Let $ \ G \ $ be a non-abelian subgroup of isometries in the plane $ \ \mathbb{R}^2 \ $ whose elements are all orientation-preserving . Prove that $ \ G \ $ contains a non-trivial translation .
Answer
Since the group $ \ G \ $ contains isometries with orientation -preserving , then
$ t_v \rho_\theta \in G $ , where $ \ t_v \ $ is translation and $ \ \rho_\theta \ $ is rotation about origin .
So if the rotation $ \ \rho_\theta \ $ be identity rotation , then
$ \rho_\theta= identity=I_\theta \ $ .
Then ,
$ t_v \circ I_\theta \in G \ \Rightarrow t_v \in G \ $.

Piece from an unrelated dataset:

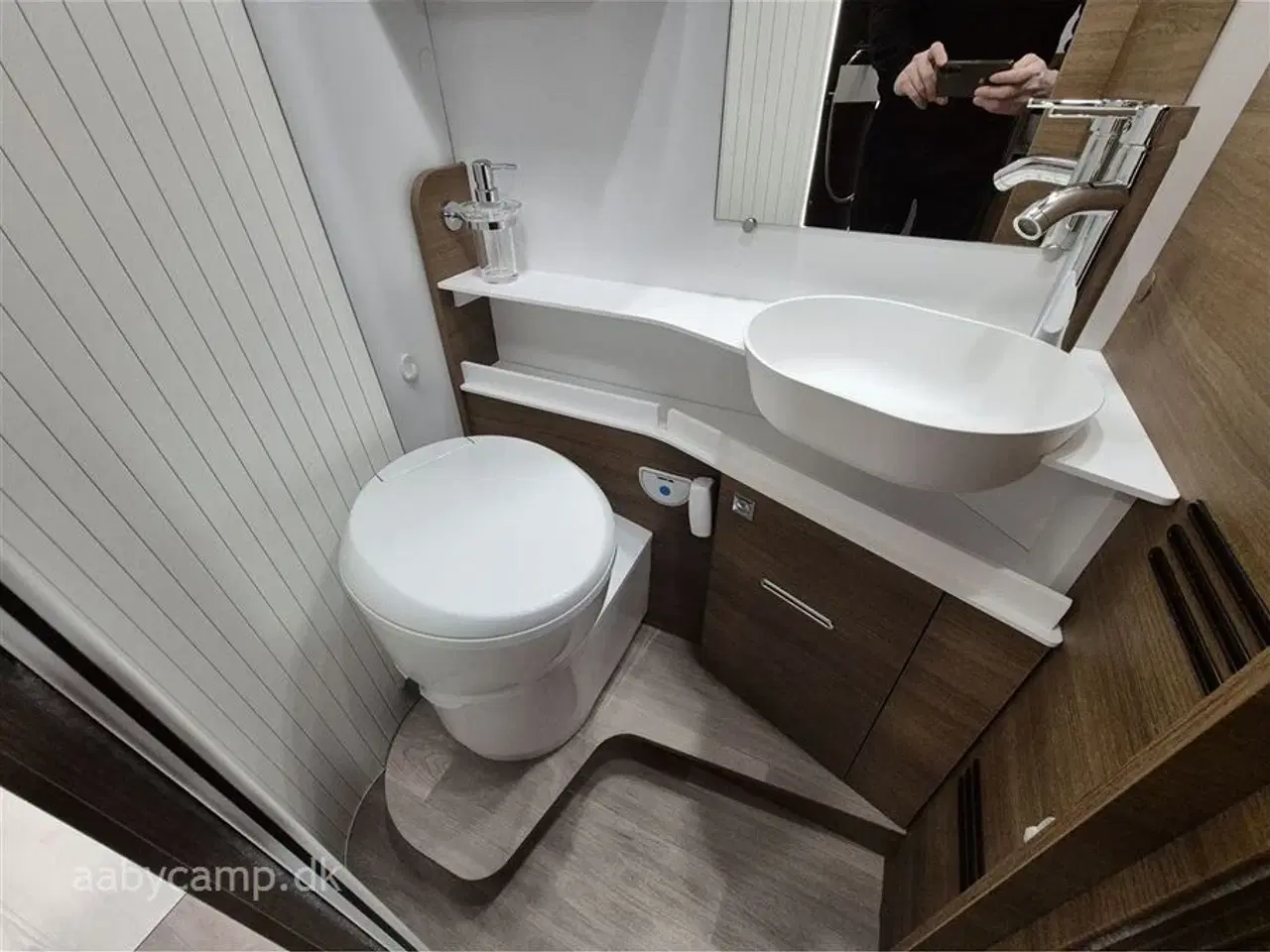 Billede 19 - 2024 - Benimar Amphitryon 967 Northautokapp   Nk.Pakke. Automatgear. solceller. 200Ah Lithium. 2000W inverter. luftundervogn på bagaksel. Hydrauliske støtteben. Alarm. Gasbageovn. Elektrisk tømning af frisk/spildevand. 3m vandfilter. tv samt internet antenne. Kan vejes op til 4400 kg.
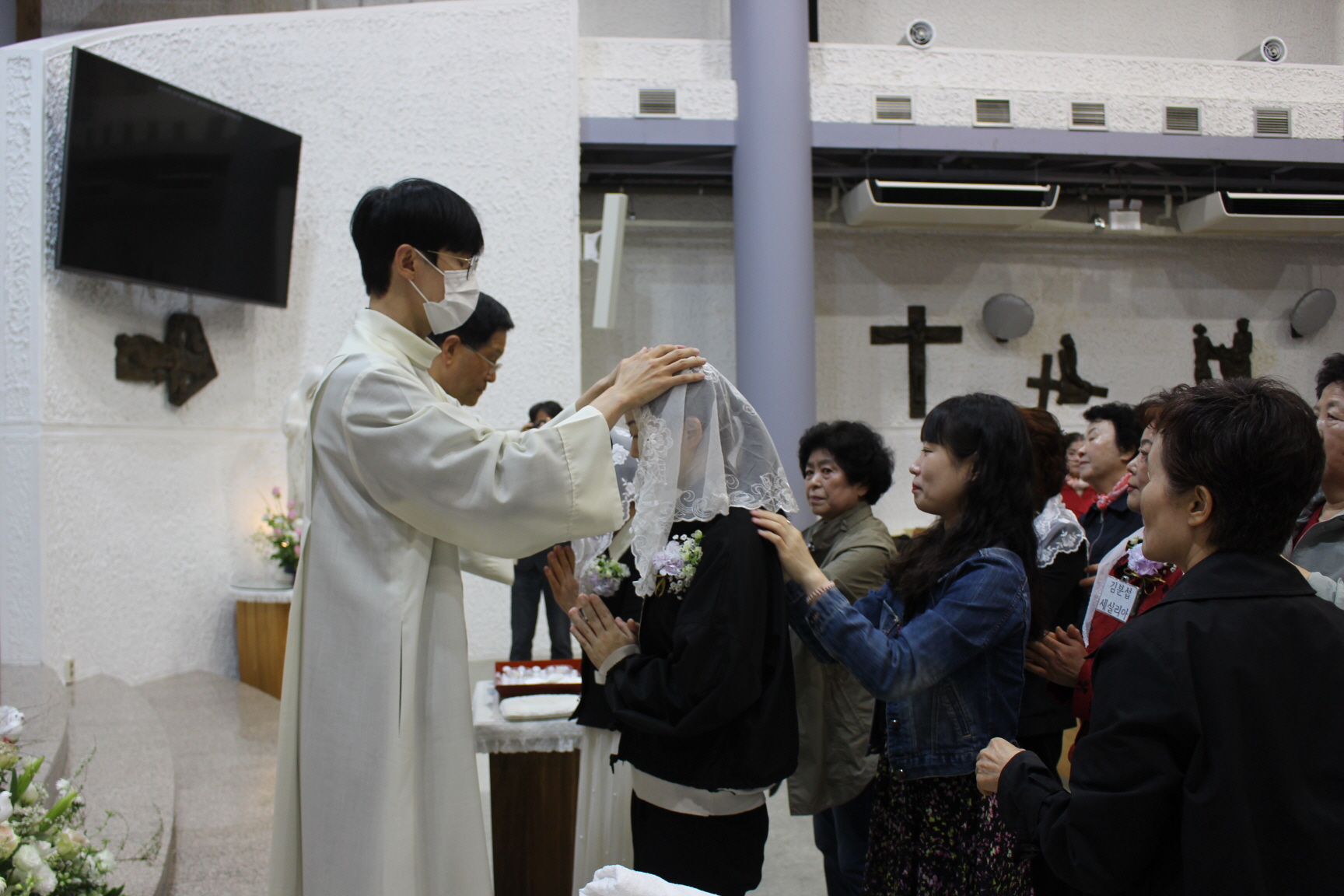 250420 세례식_안수 (8).JPG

Thus $ \ G \ $ contains non-trivial translation $ \ t_v \ $ .
Am I right ?
I need confirmation of my work .
It seems the following.
For each $\varphi\in\Bbb R$ put $A(\varphi)=\begin{pmatrix} \cos\varphi & \sin\varphi \\ -\sin\varphi & \cos\varphi \end{pmatrix}$. It is easy to check that $A(\varphi)^{-1}= A(-\varphi)$ and $A(\varphi)A(\psi)= A(\varphi+\psi)$ for each $\varphi, \psi\in\Bbb R$. For each orientation-preserving isometry $f$ of the plane $\Bbb R^2$ there exist an angle $\varphi(f)\in\Bbb R$ and a vector $a(f)\in\Bbb R^2$ such that $f(x)=A(\varphi(f)) x+a(f)$ for each $x\in\Bbb R^2$. It is easy to check that $ A(\varphi(fg))=A(\varphi(f))A(\varphi(g)) $ for each $f,g\in G$. Since the group $G$ is non-abelian, there exist elements $f,g\in G$ such that $fg\ne gf$. Put $h=f^{-1}g^{-1}fg\ne e$. Then $ A(\varphi(h))$ is the identity matrix, so $a(h)\ne 0$ and thus $h$ is the required translation.